Magistrado ponente: Ariel Salazar Ramírez

República de Colombia Corte Suprema de Justicia Sala de Casación Civil CORTE SUPREMA DE JUSTICIA SALA DE CASACIÓN CIVIL Magistrado Ponente ARIEL SALAZAR RAMÍREZ Bogotá D.C., dieciséis de septiembre de dos mil trece Discutido y aprobado en sesión de once de septiembre de dos mil trece Ref. Exp. 11001-02-03-000-2013-02071-00 Se decide la acción de tutela formulada por Miguel Ángel de la Cruz Quijano contra el Juzgado Segundo Civil del Circuito de Barranquilla y la Sala Civil – Familia del Tribunal Superior de ese distrito judicial, trámite al que se vinculó a Hernando José Herrera.

I.

ANTECEDENTES A. La pretensión El ciudadano actuando por intermedio de apoderado judicial, solicitó el amparo de sus derechos al debido proceso y defensa que considera vulnerados porque en el proceso ejecutivo singular seguido en su contra, no se practicaron las pruebas que oportunamente solicitó, omisión que condujo a que en la sentencia se declararan infundadas las excepciones que formuló, a pesar de que el título valor que se recauda, se otorgó en blanco y que “ fue llenado en ausencia del girador”.

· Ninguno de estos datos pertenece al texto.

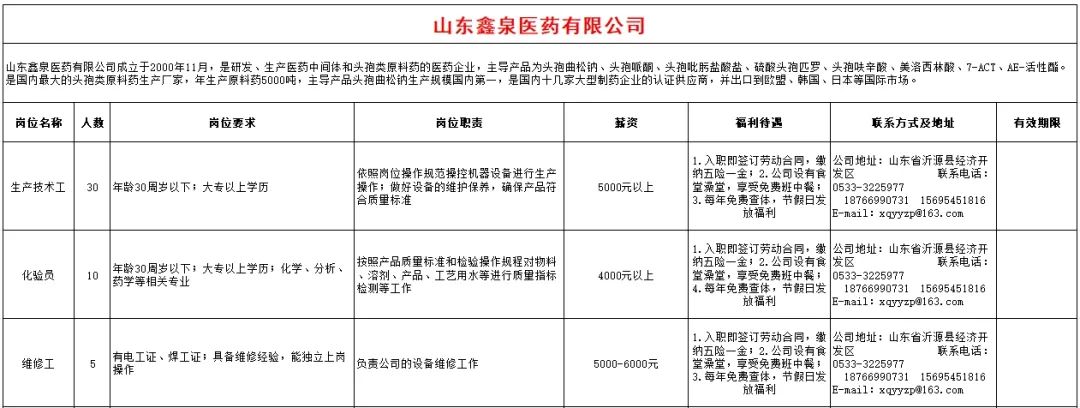 山东鑫泉医药有限公司招聘生产技术工,化验员,维修工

Pretende, en consecuencia, se revoquen las sentencias de primera y de segunda instancia dictadas en el juicio ejecutivo, para en su lugar, practicar las pruebas decretadas, se ordene realizar una experticia por parte del Instituto de Medicina Legal y Ciencias Forenses, a fin de establecer “ si el tiempo de firmado por parte del girador y el girado es el mismo”, y se oficiara a la oficina de sistemas del centro cívico de Barranquilla, para que remitiera la relación de todos los procesos en los que el señor José Herrera Herrera es demandante, y “ la explicación correspondiente del por que (sic) estos procesos habían sido borrados del sistema”. [Folio 181] B. Los hechos 1.

Hernando José Herrera Herrera entabló una acción ejecutiva contra el accionante, para obtener el pago de la obligación incorporada en una letra de cambio, por valor de $31.200.000. [Folio 4] 2. El conocimiento de dicho litigio correspondió al Juzgado Segundo Civil del Circuito de Barranquilla, que mediante proveído de 12 de febrero de 2008, libró mandamiento de pago en la forma solicitada en la demanda. [Folio 10] 3.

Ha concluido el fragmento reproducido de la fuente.